Stevens does everything he can to stylize A Wounded Fawn so it'd be camouflaged in marathons alongside throwback midnighters from ‘80s exploitation maniacs. The grainy haze of shooting on film (or adding a filter in post) feels reminiscent of I Spit On Your Grave, while copious practical effects spill bright red blood that looks thick and vibrant enough to have flowed from Home Depot paint cans. A Wounded Fawn holds back no violence as Bruce swipes his owl talon weapon curled in his hand at innocent flesh, repaid in full once the bodily mutilation turns onto the grotesque womanizer. Everything from bone fragments to gushing wounds recaps the lower-budget practical effects, but that's not all — Stevens requires fantastical costumes, disfiguring masks, and unexplained aviary deities that recall Shudder's Creepshow special effects. The stress here is on practicality, which earns valuable points as the story begins imploding inwards on itself, messages still evident, but execution maybe too indulgent in the freedoms of kitchen-sink expressions.
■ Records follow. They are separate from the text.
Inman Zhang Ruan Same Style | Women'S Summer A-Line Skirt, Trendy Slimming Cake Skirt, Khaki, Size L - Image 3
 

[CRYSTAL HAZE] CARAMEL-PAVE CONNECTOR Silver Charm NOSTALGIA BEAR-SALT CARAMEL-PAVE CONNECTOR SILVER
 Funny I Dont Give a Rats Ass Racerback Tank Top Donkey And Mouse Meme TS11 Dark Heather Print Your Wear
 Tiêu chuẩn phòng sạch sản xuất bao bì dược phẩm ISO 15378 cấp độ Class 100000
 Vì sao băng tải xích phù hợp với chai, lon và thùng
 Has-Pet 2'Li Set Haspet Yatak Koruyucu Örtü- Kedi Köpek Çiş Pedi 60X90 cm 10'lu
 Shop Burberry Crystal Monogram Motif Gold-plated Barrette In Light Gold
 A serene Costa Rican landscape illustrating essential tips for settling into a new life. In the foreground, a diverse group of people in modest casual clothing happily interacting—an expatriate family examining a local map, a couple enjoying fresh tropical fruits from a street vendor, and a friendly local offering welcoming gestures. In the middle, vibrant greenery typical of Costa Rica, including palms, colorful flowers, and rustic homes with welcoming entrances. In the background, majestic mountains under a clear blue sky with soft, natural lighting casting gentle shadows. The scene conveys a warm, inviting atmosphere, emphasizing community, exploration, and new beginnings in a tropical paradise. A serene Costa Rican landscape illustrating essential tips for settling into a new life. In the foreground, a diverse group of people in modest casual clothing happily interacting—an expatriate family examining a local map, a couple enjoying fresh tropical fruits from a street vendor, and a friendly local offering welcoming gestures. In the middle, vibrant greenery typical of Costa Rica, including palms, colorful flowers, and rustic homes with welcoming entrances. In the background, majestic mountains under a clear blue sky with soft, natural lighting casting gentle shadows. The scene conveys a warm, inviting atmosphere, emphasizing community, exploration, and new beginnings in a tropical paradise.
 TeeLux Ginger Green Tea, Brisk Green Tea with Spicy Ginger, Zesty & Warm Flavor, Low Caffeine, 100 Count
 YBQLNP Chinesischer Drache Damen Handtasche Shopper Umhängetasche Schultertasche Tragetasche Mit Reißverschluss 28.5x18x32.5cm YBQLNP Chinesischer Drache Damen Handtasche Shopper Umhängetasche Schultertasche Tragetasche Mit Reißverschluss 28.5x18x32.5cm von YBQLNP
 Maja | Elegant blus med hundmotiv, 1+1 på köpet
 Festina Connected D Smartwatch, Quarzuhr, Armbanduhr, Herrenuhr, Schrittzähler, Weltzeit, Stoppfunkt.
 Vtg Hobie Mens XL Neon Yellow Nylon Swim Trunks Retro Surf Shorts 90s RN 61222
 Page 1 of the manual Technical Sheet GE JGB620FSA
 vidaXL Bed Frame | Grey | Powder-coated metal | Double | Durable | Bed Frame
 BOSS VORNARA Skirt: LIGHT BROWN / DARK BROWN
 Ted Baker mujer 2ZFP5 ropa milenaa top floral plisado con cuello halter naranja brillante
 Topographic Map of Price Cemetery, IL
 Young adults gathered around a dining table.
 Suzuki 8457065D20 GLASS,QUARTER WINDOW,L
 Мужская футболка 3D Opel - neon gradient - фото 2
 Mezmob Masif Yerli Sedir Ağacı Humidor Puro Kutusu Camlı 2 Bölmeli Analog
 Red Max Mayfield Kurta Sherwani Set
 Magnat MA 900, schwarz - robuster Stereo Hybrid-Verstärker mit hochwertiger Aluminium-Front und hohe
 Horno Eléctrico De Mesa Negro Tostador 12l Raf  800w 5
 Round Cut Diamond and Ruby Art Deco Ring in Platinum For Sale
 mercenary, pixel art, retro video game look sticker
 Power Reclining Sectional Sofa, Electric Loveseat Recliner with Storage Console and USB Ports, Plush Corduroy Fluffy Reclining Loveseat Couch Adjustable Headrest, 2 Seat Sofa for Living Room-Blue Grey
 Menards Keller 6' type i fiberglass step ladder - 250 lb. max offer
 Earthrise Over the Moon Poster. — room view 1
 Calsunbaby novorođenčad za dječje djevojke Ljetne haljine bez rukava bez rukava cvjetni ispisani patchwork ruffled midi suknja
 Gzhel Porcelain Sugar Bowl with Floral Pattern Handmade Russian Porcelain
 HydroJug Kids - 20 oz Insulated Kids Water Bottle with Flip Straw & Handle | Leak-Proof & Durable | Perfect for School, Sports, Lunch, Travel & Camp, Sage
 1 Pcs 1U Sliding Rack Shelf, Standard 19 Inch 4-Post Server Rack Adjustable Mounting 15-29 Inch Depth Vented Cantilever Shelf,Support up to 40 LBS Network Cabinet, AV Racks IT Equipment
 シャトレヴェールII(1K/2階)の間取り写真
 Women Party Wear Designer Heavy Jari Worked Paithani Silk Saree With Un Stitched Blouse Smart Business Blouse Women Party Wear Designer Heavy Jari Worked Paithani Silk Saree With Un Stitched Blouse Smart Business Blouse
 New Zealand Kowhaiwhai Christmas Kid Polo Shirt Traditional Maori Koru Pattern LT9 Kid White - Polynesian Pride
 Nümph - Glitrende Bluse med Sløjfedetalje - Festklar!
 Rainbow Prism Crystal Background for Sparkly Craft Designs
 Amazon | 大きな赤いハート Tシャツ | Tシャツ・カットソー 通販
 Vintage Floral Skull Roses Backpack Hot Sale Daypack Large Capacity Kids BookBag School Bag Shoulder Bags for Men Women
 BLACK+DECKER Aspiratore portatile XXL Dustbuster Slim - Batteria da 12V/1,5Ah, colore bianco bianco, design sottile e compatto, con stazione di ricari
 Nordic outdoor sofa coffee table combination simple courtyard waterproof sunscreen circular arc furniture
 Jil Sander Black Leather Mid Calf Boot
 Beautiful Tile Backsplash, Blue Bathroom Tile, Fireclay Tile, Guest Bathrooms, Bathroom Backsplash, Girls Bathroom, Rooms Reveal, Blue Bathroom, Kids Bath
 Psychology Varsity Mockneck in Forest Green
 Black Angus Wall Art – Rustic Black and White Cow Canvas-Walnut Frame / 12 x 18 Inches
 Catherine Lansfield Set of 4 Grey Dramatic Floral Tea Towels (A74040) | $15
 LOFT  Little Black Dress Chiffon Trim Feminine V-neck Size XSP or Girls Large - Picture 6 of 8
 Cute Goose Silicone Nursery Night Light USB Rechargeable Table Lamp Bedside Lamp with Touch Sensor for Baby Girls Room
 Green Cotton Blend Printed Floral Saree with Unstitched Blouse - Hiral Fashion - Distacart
The ambition of Stevens' third act will be the reason why attentions wander or followings amass. It's cluttered with slimy viscera and confrontations of sins in ways that never definitively develop — yet their intentions are brutally recognizable. I'd rather watch a divisive, big-swinging film than a safely formulaic one, and A Wounded Fawn brashly fits into the former's wheelhouse. Bruce's reality is continually challenged by Meredith, supernatural party crashers, and the condemnation that awaits all mass murderers, which Stevens righteously doles out unlike anything you'll see this year. Ruben's commitment to frantically sprinting through his hellish descent was the selling point for my personal enjoyment. Still, others will be left asking what the hell brain hatchlings, bedsheet robes, and turbulent trials of futility have to do with the ending's ultimate release. Stevens' cavalcade of worsening delirium could stitch a bit tighter — yet here I am, reveling in the slop and circumstance.